*DATA SECTION:*
-*-

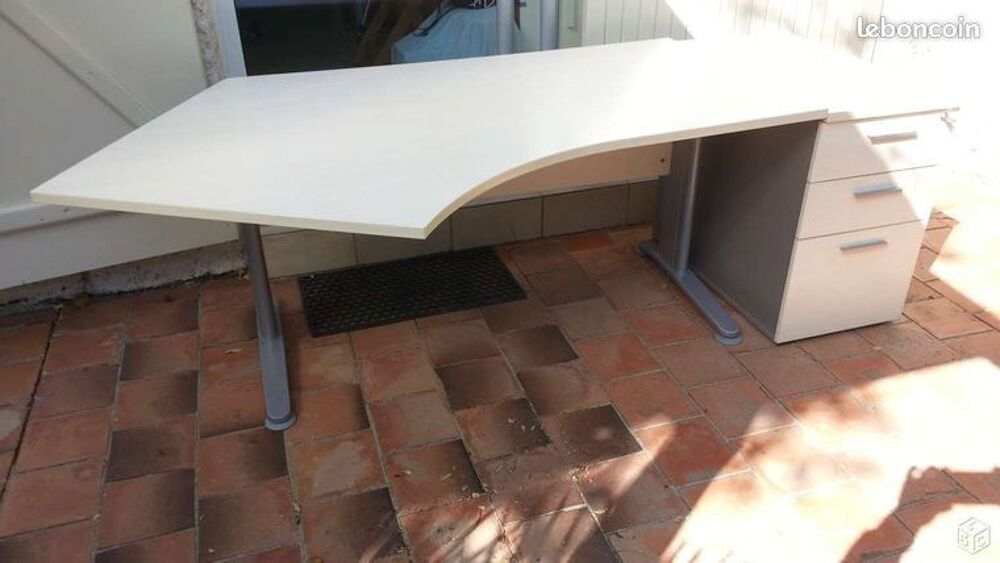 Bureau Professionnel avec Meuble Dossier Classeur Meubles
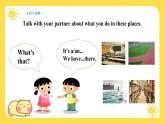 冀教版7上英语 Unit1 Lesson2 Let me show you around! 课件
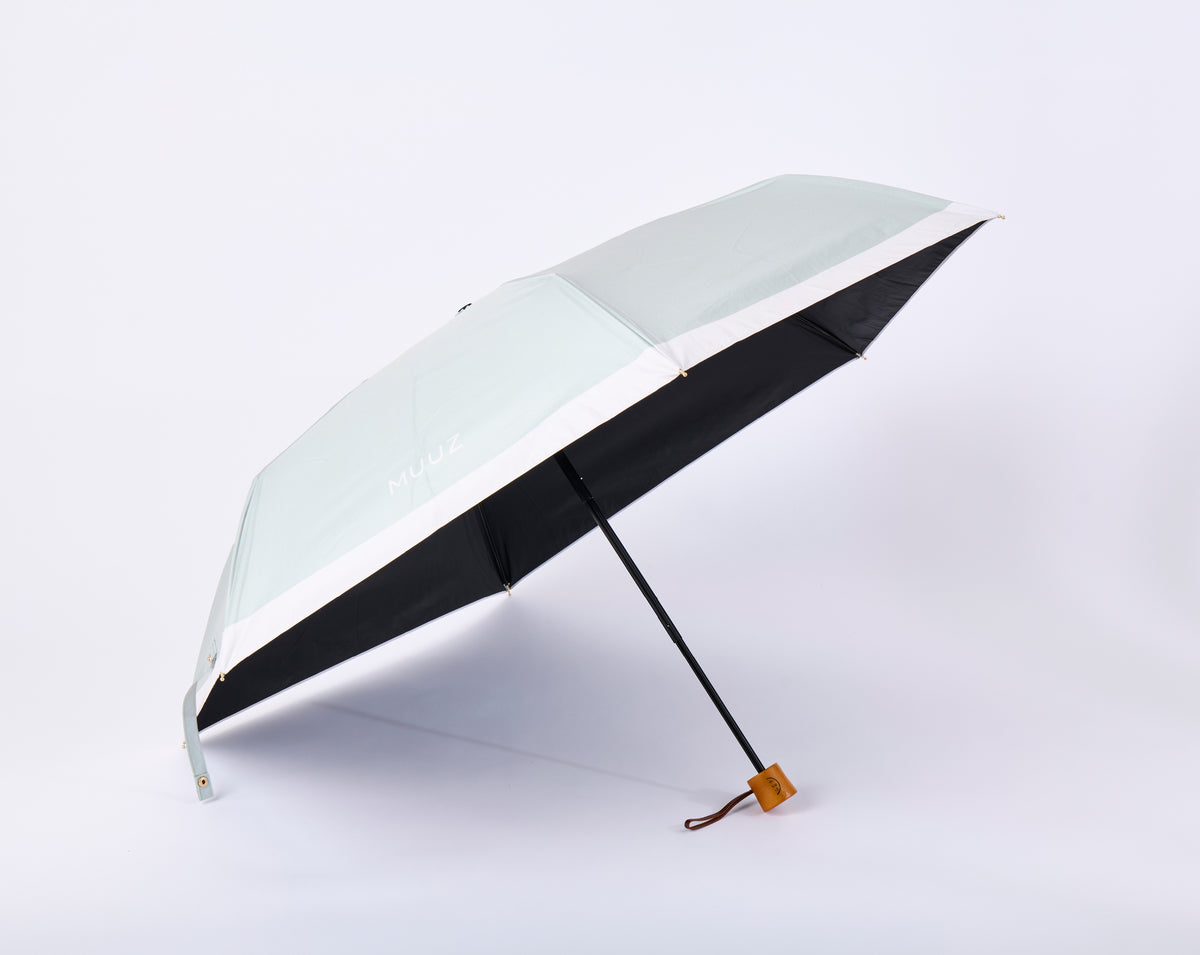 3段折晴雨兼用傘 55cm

-*-

*ABOUT THIS EXERCISE:* The whole listing should be reproduced exactly. Images don't go in.

*FINISHED TASK:*
 Bureau Professionnel avec Meuble Dossier Classeur Meubles
 冀教版7上英语 Unit1 Lesson2 Let me show you around! 课件
 3段折晴雨兼用傘 55cm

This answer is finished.